I am trying to pass a list of valids identifiers to the parser. That is to say: I have a list with the identifiers and the parser should use them, I'm passing them as a parameter into the constructor.
Instead of identifiers = Literal('identifier1') | Literal('identifier2') | Literal('identifier whatever')
I have an array of identifiers identifiers = ['identifier1', 'identifier2', 'identifier whatever', ... 'identifier I can not what']
that I need to tell pyparsing to use as identifiers.
This is what I've done so far:
def __init__(self, idents):
if isinstance(idents, list) and idents:
for identifier in idents:
// and this is where I got stuck
// I tried:
// identifiers = Literal(identifier) but this keeps only the lastone
How can I achieve this?
The easiest way to convert a list of strings to a list of alternative parse expressions is to use oneOf
:
import pyparsing as pp
color_expr = pp.oneOf(["red", "orange", "yellow", "green", "blue", "purple"])
# for convenience could also write as pp.oneOf("red orange yellow green blue purple")
# but since you are working with a list, I am show code using a list
parsed_colors = pp.OneOrMore(color_expr).parseString("blue orange yellow purple green green")
# use pprint() to list out results because I am lazy
parsed_colors.pprint()
sum(color_expr.searchString("blue 1000 purple, red red swan okra kale 5000 yellow")).pprint()
Prints:
['blue', 'orange', 'yellow', 'purple', 'green', 'green']
['blue', 'purple', 'red', 'red', 'yellow']
So oneOf(["A", "B", "C"])
and the easy-button version oneOf("A B C")

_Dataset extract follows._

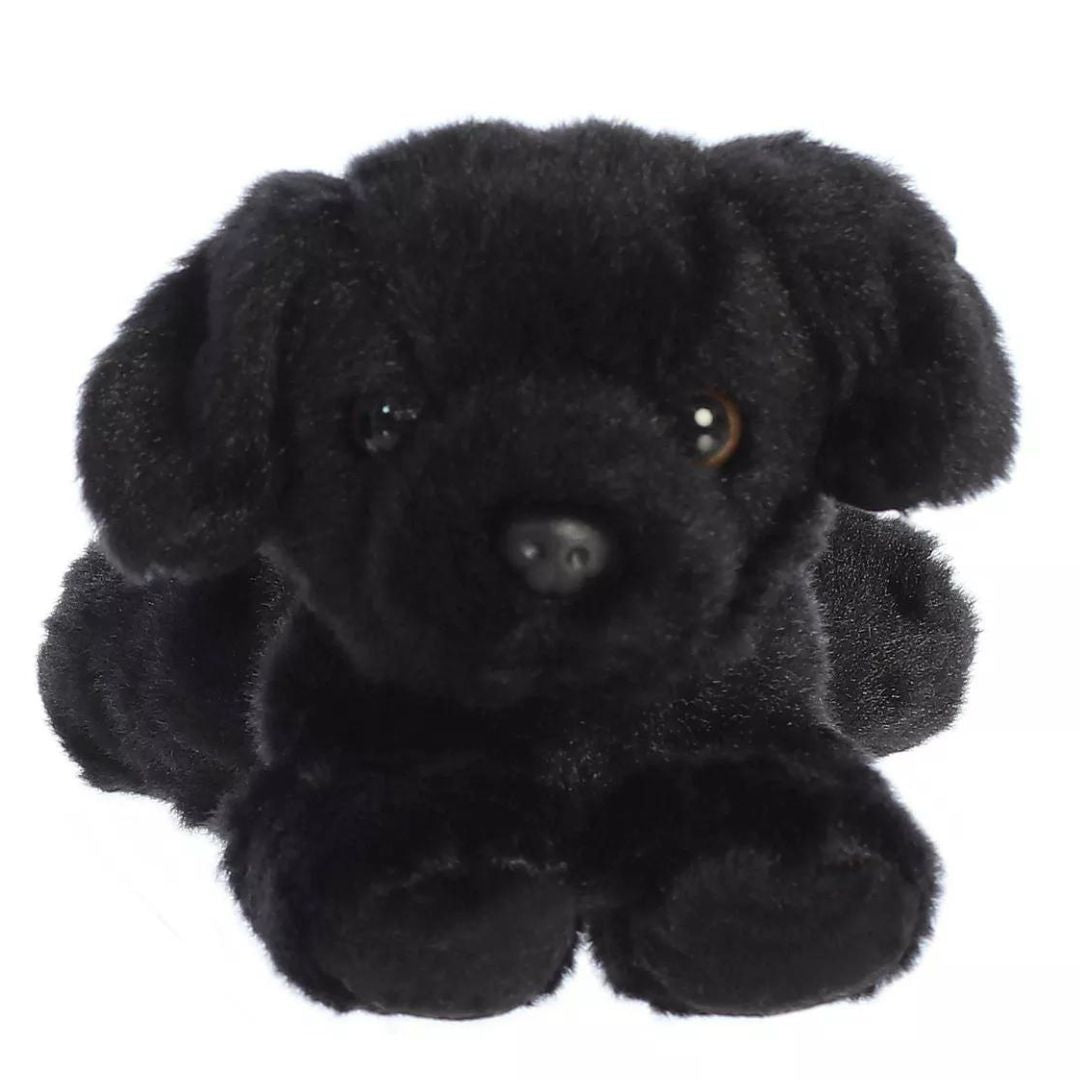 Straight-on front view of the soft black dog plush showing its face, floppy ears, and brown eyes.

are the same as Literal("A") | Literal("B") | Literal("C")
One thing to be careful of with oneOf
is that it does not enforce word boundaries
pp.OneOrMore(color_expr).parseString("redgreen reduce").pprint()
will print:
['red', 'green', 'red']
even though the initial 'red' and 'green' are not separate words, and the final 'red' is just the first part of 'reduce'. This is exactly the behavior you would get with using an explicit expression built up with Literal
s.
To enforce word boundaries, you must use the Keyword class, and now you have to use a bit more Python to build this up.
You will need to build up an Or or MatchFirst expression for your alternatives. Usually you build these up using '^' or '|' operators, respectively. But to create one of these using a list of expressions, then you would call the constructor form Or(expression_list)

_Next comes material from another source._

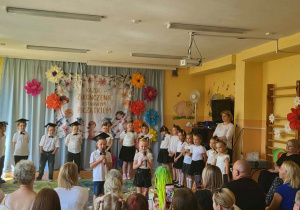 Dzieci z grupy starszaków stoją na scenie podczas występu artystycznego z okazji zakończenia przedszkola. Przedszkolaki recytują wiersze i śpiewają piosenki przed zgromadzonymi rodzicami oraz gośćmi.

or MatchFirst(expression_list)
.
If you have a list of strings, you could just create Or(list_of_identifiers)
, but this would default to converting the strings to Literals, and we've already seen you don't want that.
Instead, use your strings to create Keyword expressions using a Python list comprehension or generator expression, and pass that to the MatchFirst
constructor (MatchFirst will be more efficient than Or, and Keyword matching will be safe to use with MatchFirst's short-circuiting logic). The following will all work the same, with slight variations in how the sequence of Keywords is built and passed to the MatchFirst constructor:
# list comprehension
MatchFirst([Keyword(ident) for ident in list_of_identifiers])
# generator expression
MatchFirst(Keyword(ident) for ident in list_of_identifiers)
# map built-in
MatchFirst(map(Keyword, list_of_identifiers))
Here is the color matching example, redone using Keywords. Note how colors embedded in larger words are not matched now:
colors = ["red", "orange", "yellow", "green", "blue", "purple"]
color_expr = pp.MatchFirst(pp.Keyword(color) for color in colors)
sum(color_expr.searchString("redgreen reduce skyblue boredom purple 100")).pprint()
Prints:
['purple']